You can limit the number of allowed devices per user, using LDAP group membership as the conditional limiter. You can:

  • Select a global device limit of 0-50 devices per user
  • Add LDAP user groups to the LDAP group-specific device limit table
  • Edit LDAP user groups
  • Delete LDAP user groups from the device limit table
  • Set the device limit precedence setting: you can choose whether the standard device limit takes precedence over LDAP membership-specific device limits, or LDAP group-specific device limits take precedence over the standard device limit (for all applicable users). For example, you could set a global device limit of four devices, but restrict members of specific LDAP groups to one or two devices.

Before you begin 

You must have previously configured an LDAP server to support LDAP groups before you can set per-user device limits.

Procedure

  1. From the Admin Portal, go to Settings > System Settings > Users & Devices > Registration page.

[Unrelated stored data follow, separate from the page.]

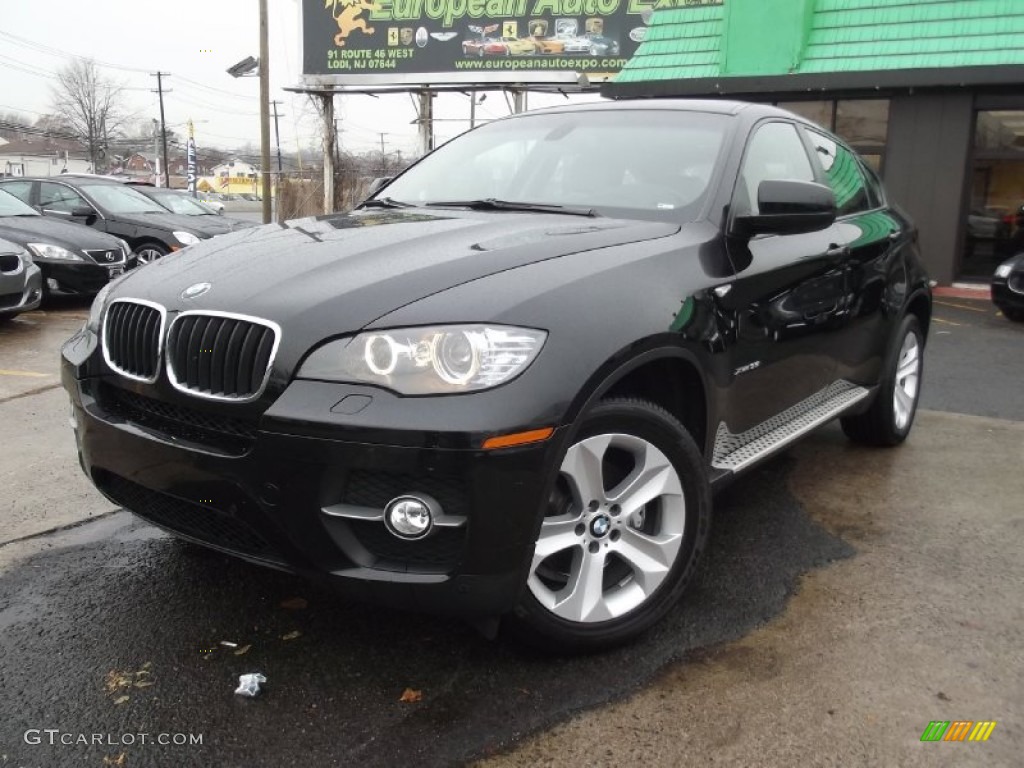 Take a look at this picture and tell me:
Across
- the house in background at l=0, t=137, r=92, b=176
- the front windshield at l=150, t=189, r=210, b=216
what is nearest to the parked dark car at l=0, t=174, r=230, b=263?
the front windshield at l=150, t=189, r=210, b=216

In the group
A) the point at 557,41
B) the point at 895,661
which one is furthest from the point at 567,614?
the point at 557,41

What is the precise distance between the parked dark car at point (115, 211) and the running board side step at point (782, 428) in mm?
9652

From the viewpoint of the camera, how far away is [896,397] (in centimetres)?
484

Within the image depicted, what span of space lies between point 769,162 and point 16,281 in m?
7.25

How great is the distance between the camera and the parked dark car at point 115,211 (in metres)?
11.9

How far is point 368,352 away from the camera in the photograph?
87.6 inches

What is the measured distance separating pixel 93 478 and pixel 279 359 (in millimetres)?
1047

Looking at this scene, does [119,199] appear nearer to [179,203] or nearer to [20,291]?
[179,203]

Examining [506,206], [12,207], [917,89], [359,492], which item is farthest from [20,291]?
[917,89]

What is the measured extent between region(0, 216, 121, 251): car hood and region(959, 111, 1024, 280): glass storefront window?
40.1 feet

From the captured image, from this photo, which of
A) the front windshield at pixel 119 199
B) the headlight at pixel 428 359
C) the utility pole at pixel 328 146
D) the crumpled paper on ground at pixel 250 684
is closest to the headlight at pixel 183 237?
the front windshield at pixel 119 199

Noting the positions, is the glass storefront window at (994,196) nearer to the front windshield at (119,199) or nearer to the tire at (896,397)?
the tire at (896,397)

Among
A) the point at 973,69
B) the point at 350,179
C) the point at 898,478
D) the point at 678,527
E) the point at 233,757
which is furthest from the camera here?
the point at 350,179

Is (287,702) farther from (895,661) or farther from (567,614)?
(895,661) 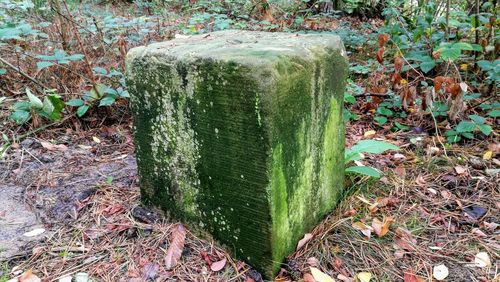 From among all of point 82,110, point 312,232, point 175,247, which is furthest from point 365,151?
point 82,110

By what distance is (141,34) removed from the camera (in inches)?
170

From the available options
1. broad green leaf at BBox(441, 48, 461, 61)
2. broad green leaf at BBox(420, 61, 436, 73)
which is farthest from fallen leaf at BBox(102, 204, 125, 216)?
broad green leaf at BBox(420, 61, 436, 73)

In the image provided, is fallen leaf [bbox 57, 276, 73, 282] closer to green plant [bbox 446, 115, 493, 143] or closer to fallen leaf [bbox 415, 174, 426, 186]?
fallen leaf [bbox 415, 174, 426, 186]

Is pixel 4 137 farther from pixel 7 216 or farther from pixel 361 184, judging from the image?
pixel 361 184

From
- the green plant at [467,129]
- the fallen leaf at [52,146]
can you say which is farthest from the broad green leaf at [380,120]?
the fallen leaf at [52,146]

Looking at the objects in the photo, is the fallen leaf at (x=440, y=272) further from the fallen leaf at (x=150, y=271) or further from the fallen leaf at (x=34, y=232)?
the fallen leaf at (x=34, y=232)

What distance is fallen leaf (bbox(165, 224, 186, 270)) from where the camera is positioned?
1.60m

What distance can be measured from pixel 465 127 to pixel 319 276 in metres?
1.67

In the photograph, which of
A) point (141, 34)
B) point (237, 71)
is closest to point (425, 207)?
point (237, 71)

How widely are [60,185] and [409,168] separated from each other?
6.88 feet

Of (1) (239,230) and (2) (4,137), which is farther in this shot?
(2) (4,137)

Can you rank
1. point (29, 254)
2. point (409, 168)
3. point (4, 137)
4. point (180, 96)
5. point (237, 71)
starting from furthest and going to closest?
point (4, 137)
point (409, 168)
point (29, 254)
point (180, 96)
point (237, 71)

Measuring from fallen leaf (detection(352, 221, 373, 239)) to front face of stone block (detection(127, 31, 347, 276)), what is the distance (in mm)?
169

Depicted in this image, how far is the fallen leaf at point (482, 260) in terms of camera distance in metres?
1.62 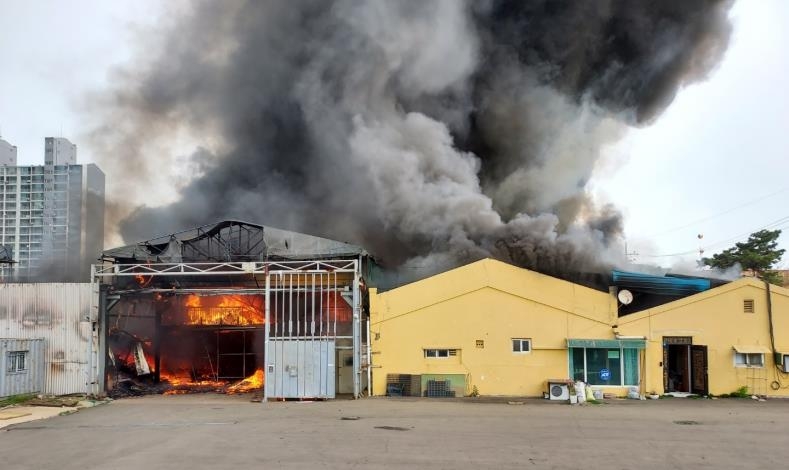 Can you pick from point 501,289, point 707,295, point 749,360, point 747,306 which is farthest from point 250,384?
point 747,306

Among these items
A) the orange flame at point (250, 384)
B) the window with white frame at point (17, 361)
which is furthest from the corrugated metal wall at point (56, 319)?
the orange flame at point (250, 384)

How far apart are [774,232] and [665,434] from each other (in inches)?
1200

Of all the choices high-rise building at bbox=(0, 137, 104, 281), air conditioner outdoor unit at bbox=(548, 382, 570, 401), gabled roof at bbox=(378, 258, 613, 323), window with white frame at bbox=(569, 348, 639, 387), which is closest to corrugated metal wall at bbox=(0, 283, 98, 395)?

    In the Per-User Device Limit section, enter the following information:

    Registration page, Per-User Device Limit section

  2. Per-User Device Limit (1‑50, or none): Set the default number of devices each user can register with Ivanti EPMM. This is the "standard" device limit, that by default takes precedence over LDAP membership-specific device limits.You can change this priority by selecting a device limit precedence setting (step 5).

  3. LDAP group specific device limit: This setting allows you to create LDAP group-specific device limits that vary from the default device limit you set as the per-user device limit.

    1. From below the LDAP group table, select Add+. The Add LDAP Group Specific Device Limit dialog box opens.

      Registration page, add LDAP Group Specific Device Limit dialog box

    2. Select a configurable LDAP server from the Select LDAP Server drop-down.
    3. Select a group from the LDAP Group drop-down.
    4. Select the device limit (1-50) from the Select device limit field.
    5. Select Add.

  4. Select a device limit precedence setting:

    1. Standard device limit takes precedence over LDAP membership-specific device limit for all applicable users.
    2. LDAP group-specific device limit takes precedence over standard device limit for all applicable users.

  5. Select Add to save your changes.

Editing or Deleting an LDAP group-specific device limit

You can modify or delete your LDAP group-specific device limits from the LDAP group-specific device limit table.

Procedure 

  1. Locate the LDAP group that you want to edit or delete in the LDAP group-specific device limit table.

    Registration page, LDAP group-specific device limit table

  2. Select Edit to re-open the Add LDAP Group Specific Device Limit dialog.
  3. Select Delete to delete the LDAP group-specific device limit.